Europa ante la inmigración (4/5): El mensaje de Austria a los refugiados: calladitos u os deportamos

Una manifestación de refugiados del campo de Traiskirchen de camino a Viena, el 11 de noviembre de 2012.
Una manifestación de refugiados del campo de Traiskirchen de camino a Viena, el 11 de noviembre de 2012.
14 agosto 2013 – Gazeta Wyborcza (Varsovia)

Austria, donde los cristianodemócratas son socios de la coalición en el poder, está deportando a refugiados pakistaníes, prácticamente condenándoles a muerte. Y únicamente han pasado unas semanas desde que el papa Francisco habló en su nombre. Sus palabras conmovieron a muchos, pero obviamente no llegaron a oídos de los políticos austriacos, apunta un columnista de Gazeta Wyborcza.

Toda esta desagradable historia no hubiese tenido lugar si los ilegales pakistaníes, que habían solicitado asilo en Austria, se hubiesen estado callados. Pensando que estaban en un país democrático, decidieron reclamar públicamente un trato decente.
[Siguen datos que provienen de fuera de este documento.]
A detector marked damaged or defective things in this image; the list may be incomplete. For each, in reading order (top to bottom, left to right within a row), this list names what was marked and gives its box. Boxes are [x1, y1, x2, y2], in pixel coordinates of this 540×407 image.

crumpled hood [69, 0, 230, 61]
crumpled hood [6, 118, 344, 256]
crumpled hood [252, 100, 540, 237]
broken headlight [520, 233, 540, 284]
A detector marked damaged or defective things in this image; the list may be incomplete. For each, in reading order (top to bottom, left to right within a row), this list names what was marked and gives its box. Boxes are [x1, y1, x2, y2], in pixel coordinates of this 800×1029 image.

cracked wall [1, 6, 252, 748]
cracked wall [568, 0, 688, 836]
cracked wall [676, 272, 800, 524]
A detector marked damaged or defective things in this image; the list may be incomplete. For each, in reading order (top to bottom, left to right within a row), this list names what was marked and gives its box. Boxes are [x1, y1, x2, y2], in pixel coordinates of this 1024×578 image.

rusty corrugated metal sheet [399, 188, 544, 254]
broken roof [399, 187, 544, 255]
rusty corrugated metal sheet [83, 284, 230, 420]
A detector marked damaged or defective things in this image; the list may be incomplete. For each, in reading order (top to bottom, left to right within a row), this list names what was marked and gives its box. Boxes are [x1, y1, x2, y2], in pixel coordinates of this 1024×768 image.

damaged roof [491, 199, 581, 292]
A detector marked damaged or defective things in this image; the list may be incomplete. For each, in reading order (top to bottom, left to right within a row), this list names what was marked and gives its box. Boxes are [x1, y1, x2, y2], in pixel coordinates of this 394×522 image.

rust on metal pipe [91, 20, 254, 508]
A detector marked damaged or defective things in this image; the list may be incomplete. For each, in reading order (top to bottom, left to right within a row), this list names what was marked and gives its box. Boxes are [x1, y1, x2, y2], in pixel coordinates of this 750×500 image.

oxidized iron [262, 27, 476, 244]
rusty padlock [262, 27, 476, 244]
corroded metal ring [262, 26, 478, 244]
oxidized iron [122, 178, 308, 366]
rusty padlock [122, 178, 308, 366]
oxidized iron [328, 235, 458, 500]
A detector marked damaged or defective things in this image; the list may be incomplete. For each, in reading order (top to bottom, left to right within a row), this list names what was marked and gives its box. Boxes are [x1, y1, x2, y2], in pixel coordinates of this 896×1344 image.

En lugar de vegetar durante años en el campo de refugiados de Traiskirchen, cerca de Viena, y de trabajar ilegalmente, convocaron manifestaciones en las calles en noviembre de 2012 para protestar por las malas condiciones en que se les atendía. Inmediatamente la policía los persiguió, así que pidieron asilo en una de las iglesias, hasta que el monasterio de la Orden de los Servitas [de los Siervos de María] les ofreció cobijo temporal. No obstante, las autoridades no olvidaron ese hecho y el domingo 4 de agosto ocho de los 40 pakistaníes involucrados en el suceso fueron arrestados y deportados inmediatamente.

Las autoridades afirman que nada evitará que las deportaciones sigan su curso

Los activistas austriacos que, junto a la Iglesia católica, apoyan a los refugiados pakistaníes, trataron por varias vías de evitar que se les deportase. Un activista compró un billete para mismo vuelo en el que se deportaba a un hombre pakistaní y trató de evitar que despegase, pero la policía lo impidió. Y lo que es aún peor, la policía se ha vuelto en contra de los propios activistas. La semana pasada la policía registró el monasterio y arrestó a tres individuos acusados de tráfico de personas. Las autoridades afirman que nada evitará que las deportaciones sigan su curso.

Miedo e impotencia

No estaría escribiendo este minucioso artículo si no hubiese conocido personalmente a refugiados pakistaníes del monasterio de Viena. Compartí con ellos unas horas en el mes de abril. Sus ojos reflejaban una mezcla de miedo e impotencia. Muchos de ellos habían sido defensores de los derechos humanos en Pakistán y tuvieron que abandonar el país. Para ellos la deportación significa una sentencia de muerte, si no a manos de las fuerzas de seguridad, en las de los talibán.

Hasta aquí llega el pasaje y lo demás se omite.